His obvious talent would soon be noticed by someone who would help Briere reach heights he couldn’t have imagined.
Terry Moore, an award-winning furniture maker and one of the founders of the NH Furniture Masters Association, began mentoring inmates in the prison’s woodworking shop 15 years ago as part of the group’s volunteer prison outreach program, a program inspired by then-Superior Court Justice Kathleen McGuire.
At the prison, Moore connected with Briere and began to introduce him to the craft’s finer aspects: veneering, carving, dovetailing and more. Briere eventually gravitated to woodturning and his work became much more complex — like the chess pieces and a 19th-century chess table so remarkable they attracted the attention of local media.
Fast-forward to today. Moore says Briere’s work “goes up against mine and other furniture masters.” In fact, Briere beat out all of the state’s furniture masters to win Best in Wood Accessory and Best in Show (twice) at League of NH Craftsmen’s Sunapee fairs.
Now a juried member of the League, Briere is pulling in thousands of dollars for his work, much of it made of segmented pieces and sometimes semi-precious stones. He has a studio in Brentwood called New England Custom Woodturning and a recently opened gallery next to it. He’s still using the lathe that he started the business with, which was donated by the Furniture Masters Association.

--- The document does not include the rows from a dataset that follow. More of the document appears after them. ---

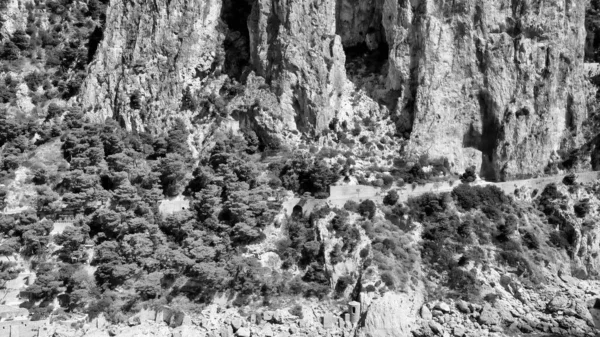 Прекрасна Берегова Лінія Марині Піккола Капрі Повітряний Вид Дрона — стокове фото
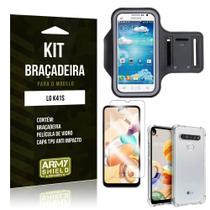 Braçadeira Sporte LG K41s + Capinha Anti Impacto + Película de Vidro - Armyshield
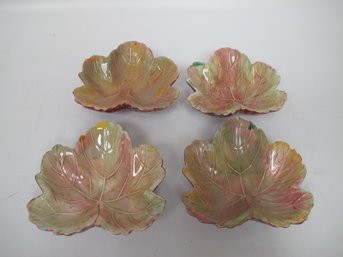 Set Of Four Handcrafted Ceramic Leaf Bowls By Berta, 1997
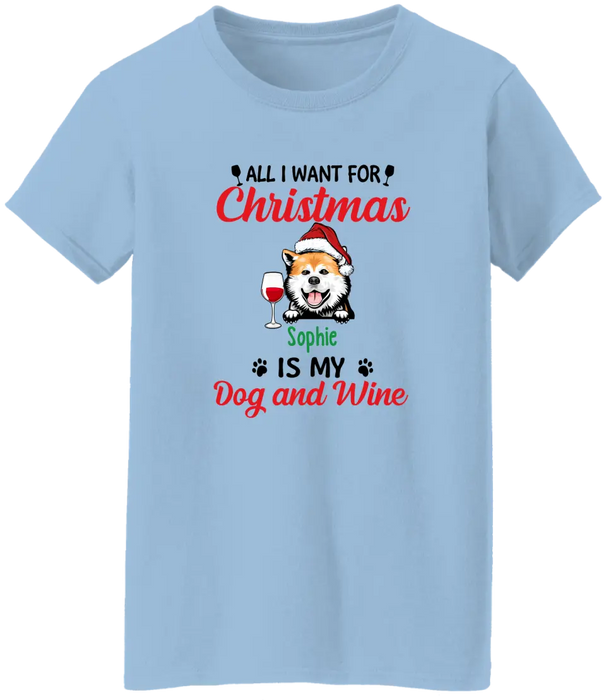 Personalized Shirt, All I Want For Christmas Is My Dogs And Wine, Christmas Gift for Dog Lovers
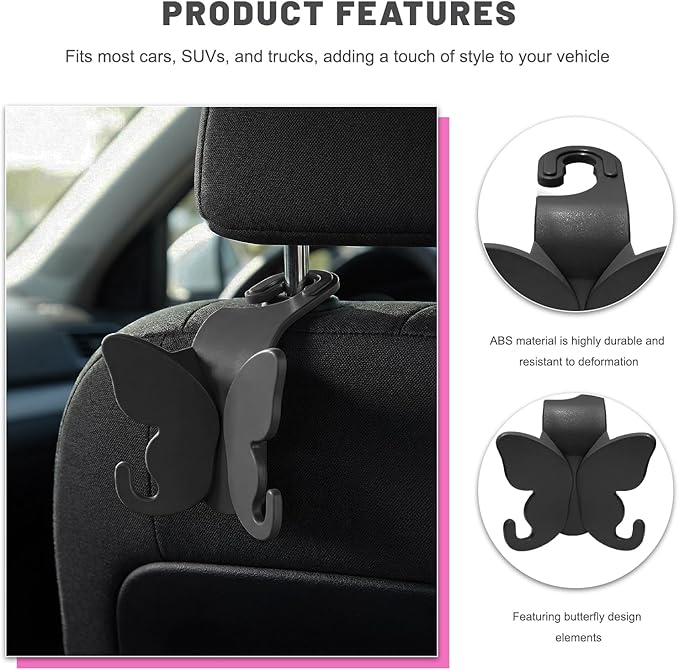 2 PCS Car Seat Headrest Hook, Butterfly Multipurpose Storage Hook Seat Back Purse Holder, Cute Butterfly Headrest Purse Hanger Interior Accessories for Car Truck SUV (Black)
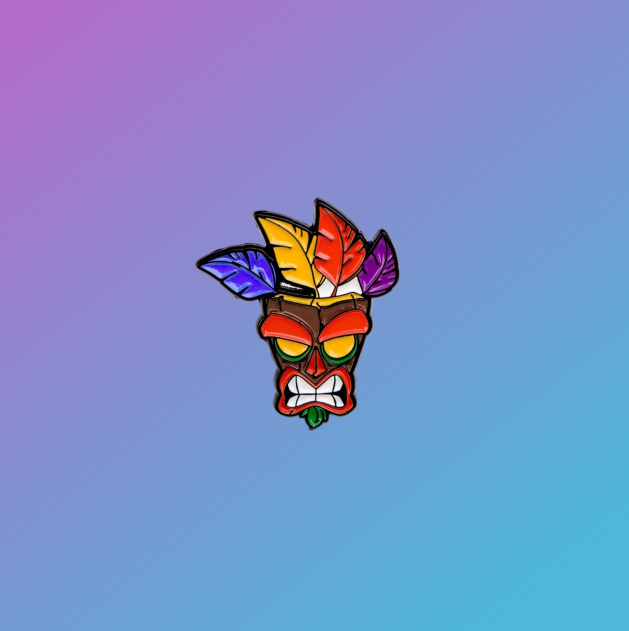 Crash Bandicoot: Aku Aku Mask Enamel Pin Badge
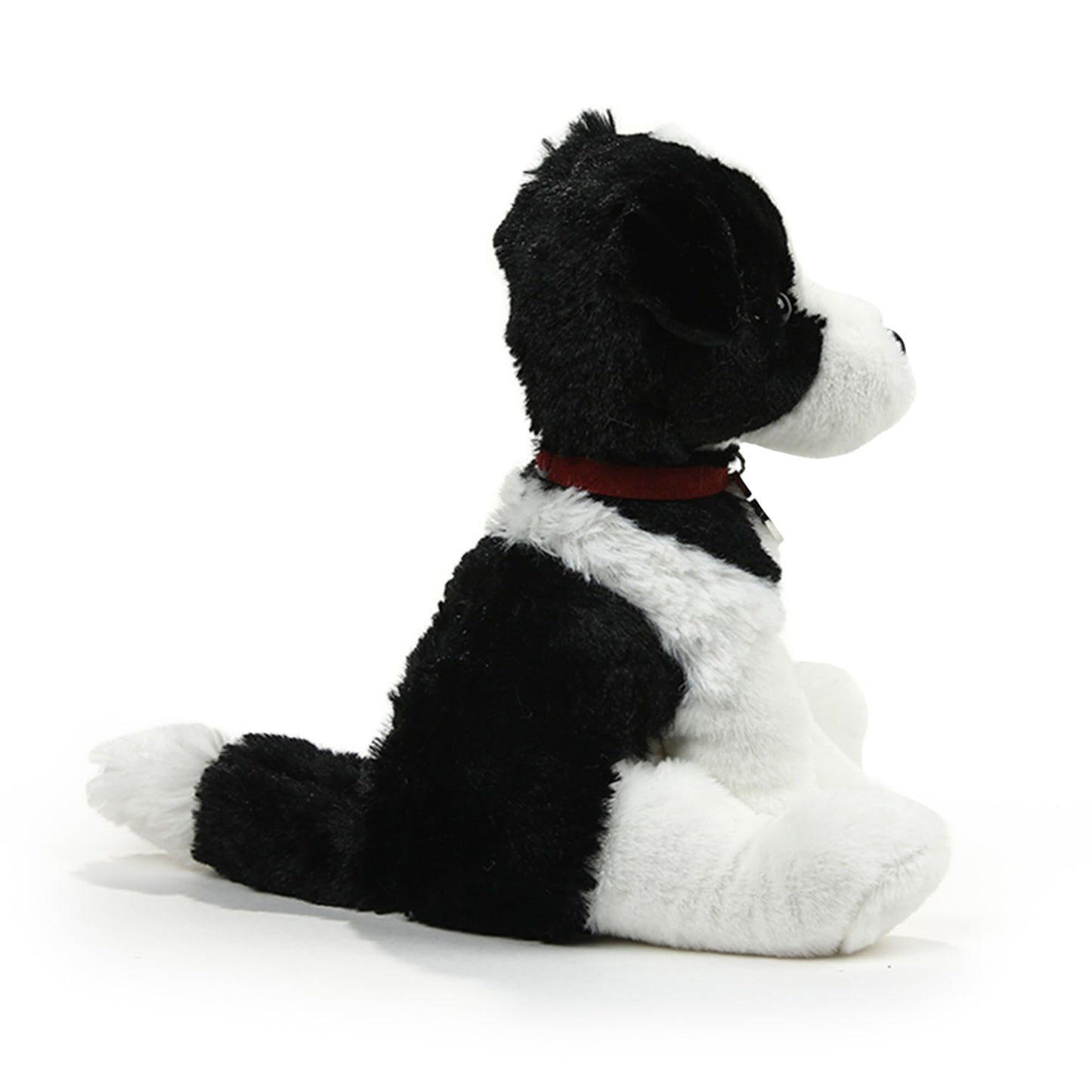 Plushland Plush Stuffed Dog Toy - Realistic Border Collie with Collar, 8 Inches, Multi-Color, Soft Polyester for Kids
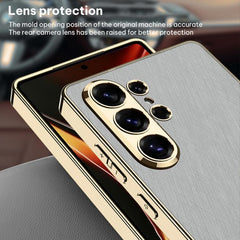 Funda para teléfono de cuero brocado platead...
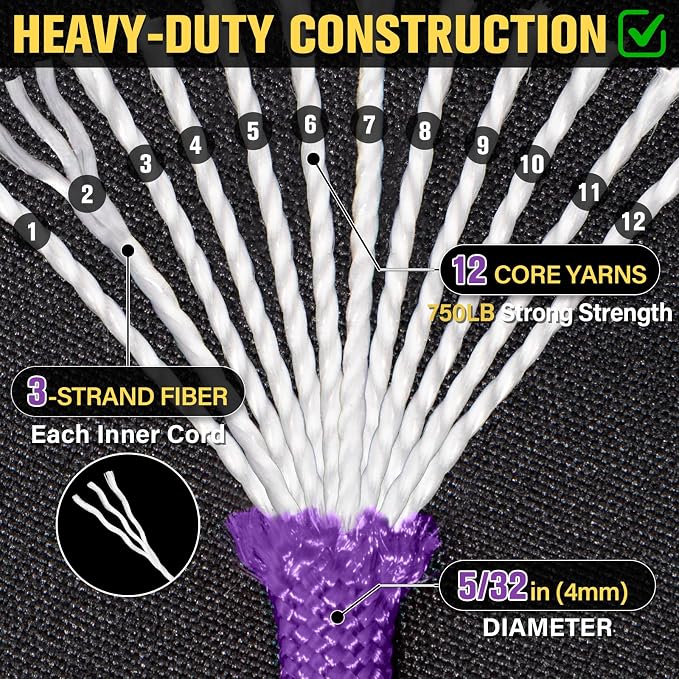 Paracord Rope 750 lb - 200ft 5/32" Parachute Cord 4MM 12-Strand para Cord - - Image 3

Moore says what Briere has done in a very competitive field is “no small feat” and that he is “proud as punch.” Something else he’s proud of — “Of all the people who have taken our woodworking program, no one has gone back to prison,” Moore says. “No one.”
And it’s not just Briere who is “a wild success story,” as Moore puts it. Moore and other Furniture Masters members have also mentored others who have been juried by the League and are also producing high-end works.
What accounts for the wild success? “I think the work teaches some fundamental lessons in life that they missed,” says Moore. “With woodworking, you end up knee-deep in mistakes, and you can either give up or try again. You learn problem-solving, patience and self-discipline. It’s working them as much as they’re working it. It’s kind of a Zen thing, and it transforms their vision of who they are as a person.”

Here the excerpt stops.